The enantioselective construction of the carbon backbone of chiral molecules has been at the forefront of organic synthesis in the last decades. It is therefore hardly surprising that classical transformations such as aldol and Michael reactions or Diels–Alder cycloadditions still hold a prominent position among the most important synthetic methods.^[1] In this context, the continuing demand for increasingly more efficient procedures in accordance with the premises dictated by selectivity and economy in synthesis[², ³] has given rise to the development of a plethora of catalytic methods for the enantioselective construction of carbon–carbon bonds.^[4] Unfortunately, the scope of most of them is rather narrow, which hampers further development and prevents a comprehensive exploitation of their possibilities. Thus, considering the benefits arising from a general approach, we envisaged that metal enolates from a single platform might participate in a number of direct, enantioselective, and catalytic transformations provided that the appropriate electrophiles are generated in the reaction mixture and evolve through similar open transition states (Scheme 1).

Scheme 1.

Direct and enantioselective carbon–carbon bond‐forming reactions from carbonylic compounds.

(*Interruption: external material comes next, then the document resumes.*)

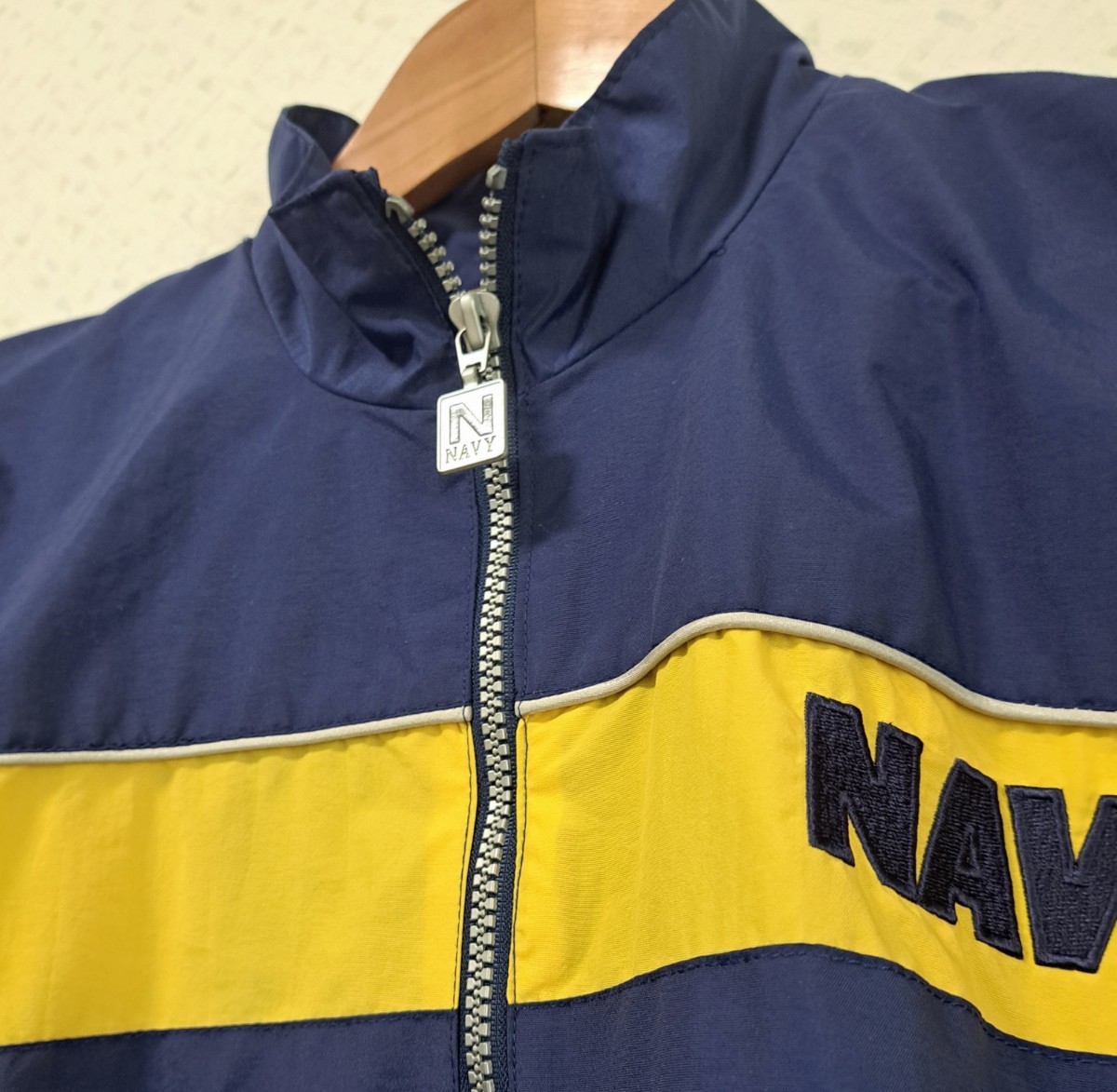 1点物 激レア U.S NAVY ネイビー ミリタリー 米軍 実物 IPFU 海軍 ナイロン ジャケット 刺繍 メンズ アウター 戦闘服 アメリカ 軍の画像10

In this context, the activated aldehydes shown in Scheme 1 might react with carbonylic species in the presence of a base and a chiral catalyst to undergo direct and stereocontrolled aldol reactions.^[5] With this aim, we have identified N‐acyl thiazinanethiones as worthy substrates for our purposes and we now describe our findings on the direct and highly enantioselective aldol reactions of aromatic aldehydes catalyzed by chiral nickel(II) complexes in which the resultant protected aldol compounds are obtained selectively with remarkable atom economy. Importantly, this reaction gives access in a single step to protected anti‐aldol adducts and supplements the syn‐methods previously described by the groups of Evans,^[6] and Kumagai and Shibasaki (Scheme 2).[⁷, ⁸] Furthermore, the reaction shows a wide scope for the nucleophilic partner, which also permits the obtention of enantiomerically pure protected α‐azido‐β‐hydroxy and α,β‐dihydroxy derivatives in high yields under mild conditions (Scheme 2).

Scheme 2.

Direct and enantioselective aldol reactions catalyzed by chiral metal complexes.

Exploratory experiments using N‐propanoyl derivatives of several achiral heterocycles, triethylsilyltrifluoromethane sulfonate (TESOTf), and (Me₃P)₂NiCl₂ proved the feasibility of our approach for a direct and stereocontrolled aldol reaction as well as the advantage of thiazolidinethione and thiazinanethione over other heterocyclic scaffolds. In this respect, and despite both scaffolds producing similar results, the slower kinetics observed with the thiazolidinethione made the thiazinanethione counterpart the best choice for further developments (see Table S1 in the Supporting Information).^[9]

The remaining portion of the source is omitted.